The Potemkin Duma [Foreign Policy]

Sheesh Kabob!

Thursday, October 1st, 2009

It started off as an article about a cleverly named kabob house in Moscow and quickly became yet another a story of political coercion and muzzling of the press. Less than a week after the article came out, Nashi, the pro-Kremlin youth group, is demanding that the journalist who wrote it, Aleksandr Podrabinek, be kicked out of the country and stripped of his Russian citizenship. After death threats and an attempted break-in at his apartment, Podrabinek is now in hiding, announcing on his blog that “in the interests of security, I am limiting my contacts.”

Partly, this is the same, tired story of the Kremlin intimidating the last remnants of a once-free press. But it’s also a story about a country still fighting over the meaning (and ownership) of patriotism, over the return of Soviet symbolism, over where the Soviet Union ends and Russia begins, and over how to talk about the martyrdom and the crimes of World War II.

Here’s how it happened: the restaurant in question opened in July, calling itself the Anti-Soviet Kabob House because of its location across the street from the Soviet Hotel. Har har. But to an association of elderly veterans, it wasn’t just a bad pun, and they complained to the local authorities. The name, they said, mocked their sacrifices in World War II—which, with casualties over 20 million, has become the most sacred of cows in Russia.

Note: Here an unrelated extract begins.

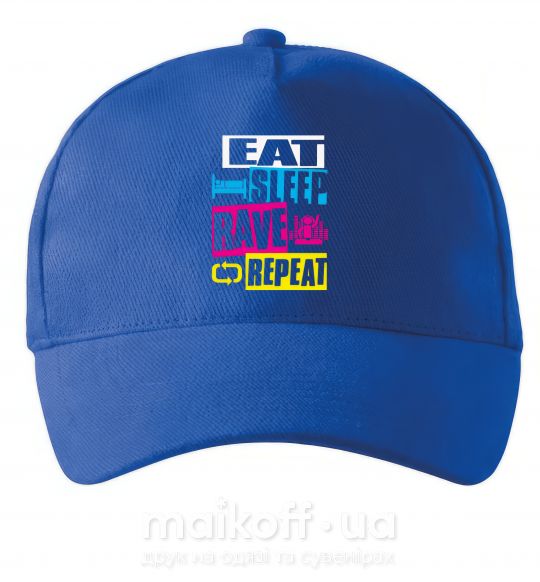 Кепка eat sleap rave repeat Ярко-синий фото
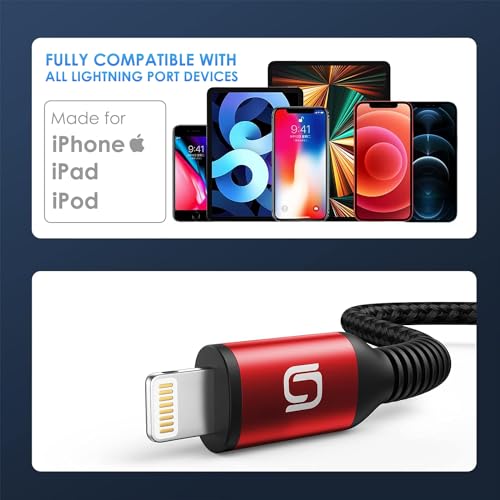 Fast Charging Nylon Braided i Phone Charger Cable – 3-Pack, 3 FT MFi Certified Lightning Cords for i Phone 14/13/12/11 Pro Max/XR/XS/X/8/7/Plus/6 S, i Pad, i Pod, and Air Pods – Enhanced Durability and Compatibility for Optimal Performance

It is known there, officially, as the Great Patriotic War. (Putin recently showed just how sacred it is when he refused to acknowledge, for the sake of Russian pride, Soviet crimes in Poland in 1939.) Not only that, the veterans’ group said, but the name also besmirched the homeland for which they fought, and they demanded that it be changed.

News of this uproar leaked on September 17. By the 18th, the owner of the café announced that the authorities had interceded and he had been forced to change the name to Soviet Kabob House. As workmen prepared to take down the “Anti-“, the café’s owner remarked wryly that now “the debate is about saving the kabob house even without the name,” he said. “We’d be happy just to be able to stay open at this point.”

This kind of pandering to hypervocal and hypersensitive veterans—and harping on a mythically clean and valorous Soviet past—caught Podrabinek’s eye. No fan of Soviet power (he had been sentenced to a Siberian labor camp twice, once in 1978 and again in 1980, for criticizing the Soviet Union), Podrabinek penned a takedown of the veterans group in ej.ru, a liberal opposition online publication.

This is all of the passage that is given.